While back in Utah over the holidays I heard a remark about the Mormon church that I used to hear a lot when I was younger: “The Church is true (or good, perfect—there are several variations), but the people in it aren’t.” I remember a friend of mine reciting that same phrase and I answered by saying that I felt the exact opposite—“the Church isn’t good, but some of the people in it are”. He took offense. In other words, he found it okay for non-Mormons to dislike individual Mormons or even the entire Mormon community, but intolerable to critique the church itself—the institution. At the time, my friend’s reaction surprised me, but it shouldn't have. It makes sense that if you put your faith in systems rather than people—and if your sense of selfhood is contingent upon that faith—you’re bound to blame the latter when things go awry. (Other people are “other” but the system is part of you). Consequently, it’s deemed okay to insult your equals—the people—but an extreme act of hubris to take on your superiors—the system and its caretakers.
As a result, it’s PC to hate individual Muslims—I mean terrorists—but not okay to challenge Islam; the problem of obesity is linked obviously to lifestyle “choices” rather than systemic environmental manipulation; and every problem from illegal immigration to drug abuse can be solved with disciplinary police enforcement rather than structural reorganization. The problem isn’t with the machine; it’s just a few bad parts. Accordingly, we have hope. If we can just teach individuals to act a little more responsibly, the problems will go away; progress will continue unabated, and our potency, and thereby our autonomy, will be preserved. The belief that we truly can shape our own destinies and have all the things the system tells us we desire--and the belief that the system is capable of reform--is kept intact. Simultaneously, our authentic self is buried beneath a pile of false needs and false hopes, and the status quo is protected. The victim, not the system, is to blame.

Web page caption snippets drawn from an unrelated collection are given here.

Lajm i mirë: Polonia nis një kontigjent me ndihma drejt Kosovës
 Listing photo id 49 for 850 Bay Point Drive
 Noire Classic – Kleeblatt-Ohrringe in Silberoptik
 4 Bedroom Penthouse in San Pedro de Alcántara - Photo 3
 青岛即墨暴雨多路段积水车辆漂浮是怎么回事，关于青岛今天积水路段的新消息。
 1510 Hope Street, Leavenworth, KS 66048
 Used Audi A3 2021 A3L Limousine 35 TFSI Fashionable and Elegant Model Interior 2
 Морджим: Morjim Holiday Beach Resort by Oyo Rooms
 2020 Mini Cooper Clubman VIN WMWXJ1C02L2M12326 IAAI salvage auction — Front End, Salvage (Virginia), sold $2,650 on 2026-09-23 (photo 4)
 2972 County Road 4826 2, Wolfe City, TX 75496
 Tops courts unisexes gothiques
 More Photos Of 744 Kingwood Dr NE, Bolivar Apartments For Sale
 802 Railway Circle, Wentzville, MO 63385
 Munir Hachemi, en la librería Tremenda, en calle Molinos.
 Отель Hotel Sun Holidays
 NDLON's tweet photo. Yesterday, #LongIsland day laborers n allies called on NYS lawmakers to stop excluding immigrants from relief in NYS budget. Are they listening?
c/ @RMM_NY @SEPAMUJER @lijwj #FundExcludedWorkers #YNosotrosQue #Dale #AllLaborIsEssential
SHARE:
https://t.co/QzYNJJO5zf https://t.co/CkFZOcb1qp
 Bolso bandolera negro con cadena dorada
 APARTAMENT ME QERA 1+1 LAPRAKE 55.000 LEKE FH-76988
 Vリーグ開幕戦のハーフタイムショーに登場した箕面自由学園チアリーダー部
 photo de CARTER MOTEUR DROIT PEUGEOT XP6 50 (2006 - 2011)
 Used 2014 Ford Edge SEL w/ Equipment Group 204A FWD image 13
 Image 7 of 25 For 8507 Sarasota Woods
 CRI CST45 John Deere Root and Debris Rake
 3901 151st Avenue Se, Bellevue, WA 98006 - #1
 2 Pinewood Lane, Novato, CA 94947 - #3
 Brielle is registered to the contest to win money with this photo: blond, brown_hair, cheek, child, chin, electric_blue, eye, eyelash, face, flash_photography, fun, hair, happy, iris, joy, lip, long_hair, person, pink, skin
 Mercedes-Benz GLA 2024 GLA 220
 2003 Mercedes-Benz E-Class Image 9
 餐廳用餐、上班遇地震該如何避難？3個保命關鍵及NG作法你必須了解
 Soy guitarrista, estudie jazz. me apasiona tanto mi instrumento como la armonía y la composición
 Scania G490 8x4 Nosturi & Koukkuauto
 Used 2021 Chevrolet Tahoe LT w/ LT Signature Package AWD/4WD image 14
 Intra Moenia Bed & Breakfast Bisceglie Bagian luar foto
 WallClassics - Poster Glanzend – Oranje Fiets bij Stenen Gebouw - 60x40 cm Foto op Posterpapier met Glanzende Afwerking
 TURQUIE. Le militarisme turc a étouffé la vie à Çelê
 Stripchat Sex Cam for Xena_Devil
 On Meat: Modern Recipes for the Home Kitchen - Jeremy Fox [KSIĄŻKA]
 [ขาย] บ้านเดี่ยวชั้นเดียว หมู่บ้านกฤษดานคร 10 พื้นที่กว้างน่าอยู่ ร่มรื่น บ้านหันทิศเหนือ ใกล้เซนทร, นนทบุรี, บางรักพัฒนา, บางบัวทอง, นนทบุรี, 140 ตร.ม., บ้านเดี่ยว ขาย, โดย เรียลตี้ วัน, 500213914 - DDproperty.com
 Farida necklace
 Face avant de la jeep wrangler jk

This past summer, I saw a movie called
The Secret, which touts an idea called “the law of attraction”. The law of attraction states that… dramatic music please … our thoughts influence reality (that’s the secret). Put another way, what you attract to yourself is a manifestation of what you think. Think about being rich, and you’ll be rich. Think about having sex with lots of alter boys, and you’ll have sex with lots of alter boys. It’s that simple. Another premise of
The Secret is that you really can have it all; we live in a world of infinite possibilities, so there’s no limit to what you can achieve. So don’t sell yourself short by thinking mere millionaire thoughts when you could be thinking gazillionaire thoughts. Why limit your potential?
The implications of
The Secret philosophy are that you can’t blame anyone but yourself for being poor or for being obese or for being depressed or for being an addict or for contracting aids. On one level, the idea has merit. Of course our thoughts and attitudes influence what happens to us and of course the individual has some responsibility for his/her condition. But to suggest that ONLY our thoughts influence what happens to us is absurd. For one thing, our thoughts are influenced by our environments—environments we didn’t create by ourselves. Moreover, we don’t live on an island. If I choose to rape an alter boy, it isn’t because the altar boy was thinking about being raped. It’s because I gave him no choice but to be raped. Likewise, I can’t very well visualize being a millionaire if another New Ager trumps my wish by visualizing ownership of all the money in the world. In an interdependent universe, we can’t have without taking; we can’t realize without limiting. We can’t have it all.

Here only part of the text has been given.